# TTC post-Mirena and about to hit 40, what are my chances?



## pip7890

Hi

I'm new here, although I have been lurking a little while.

During my marriage my first pregnancy in 1995 ended in a miscarriage; and my second pregnancy ended with a gorgeous boy who will be 14 next month! After my son was born I was fitted with a coil and about 7 years ago I changed it for a Mirena.

My partner (not the father of my DS) and I have decided to try for our first child together. I'll be 40 next month and he is 45.

My LMP on the Mirena was 14 October to 17 October. I had the Mirena removed on 18 October, and had very light spotting on 21 and 22 October. We decided that until I got my first period we would NTNP. On Day 16 of my cycle I had EWM (apologies if I'm using the wrong abbreviations!) and tummy pains that I associate with ovulation. My partner and I were intimate on 22 October and 31 October.

On 3 November (Day 21) I had one episode of very faint spotting. From the following day (4 November) all the way through to last Thursday I've had tender breasts, all day nausea and very light on/off cramping.
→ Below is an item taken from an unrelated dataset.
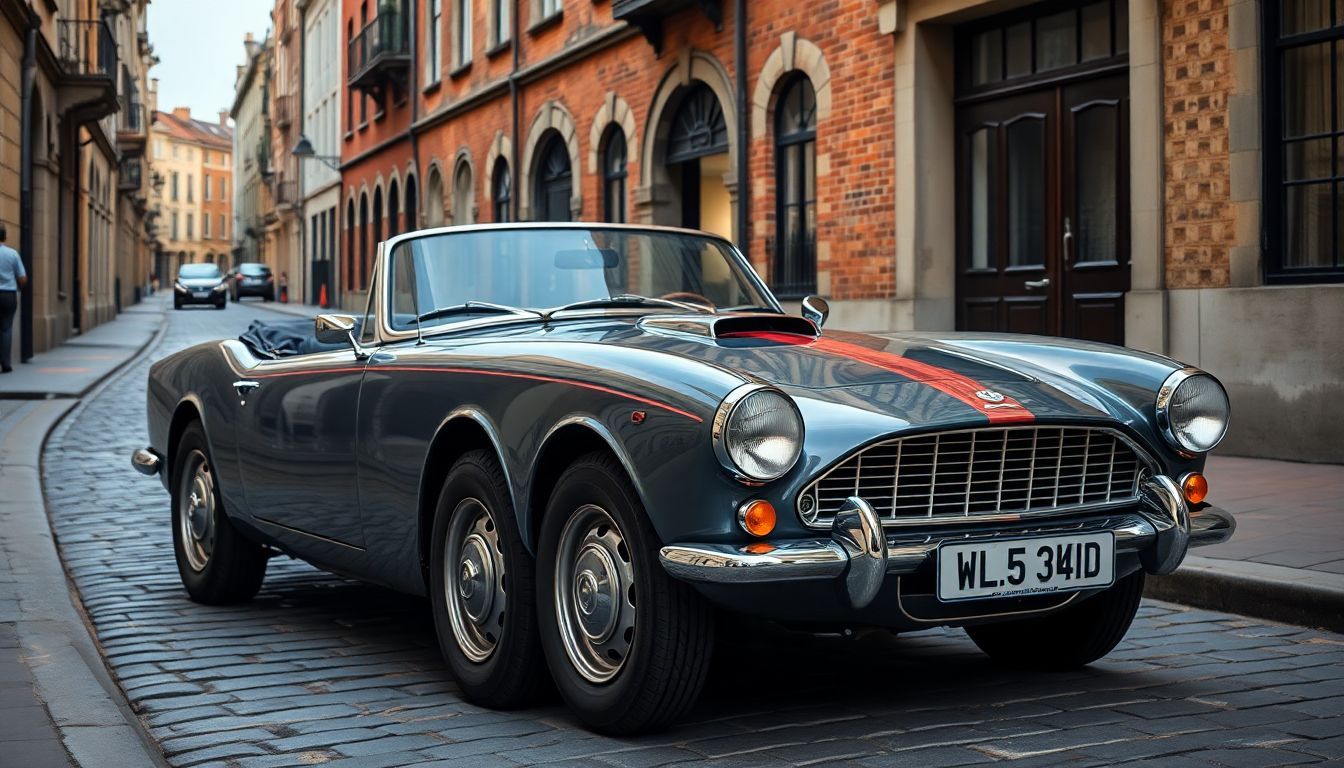 Een vintage Britse sportauto geparkeerd op een oude kasseienstraat.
The cramping has gone but I still have very tender boobs and on/off nausea.

I've done 4 tests - all negative. It doesn't look like I am pregnant although this time last week I would have staked my house on it. AF hasn't arrived yet and it's Day 32.

Does this ring any bells with you? Is it too early after Mirena removal for AF? Are these normal post-Mirena symptoms?

Cheers.

Pip x


----------



## Omi

Sorry didn't want to read and run. You could possibly do a search on the coil here (top of the page in the middle, for similar threads) or maybe google it. Here is one link i found on the TTC forum https://www.babyandbump.com/trying-to-conceive/414504-official-ex-mirena-thread.html

Although Ive never had a coil i have had all and any symptoms under the sun as far as post ov is concerned and they never seem to add up to much so i don't stake much on them (even when pg). But that is just me, hun :)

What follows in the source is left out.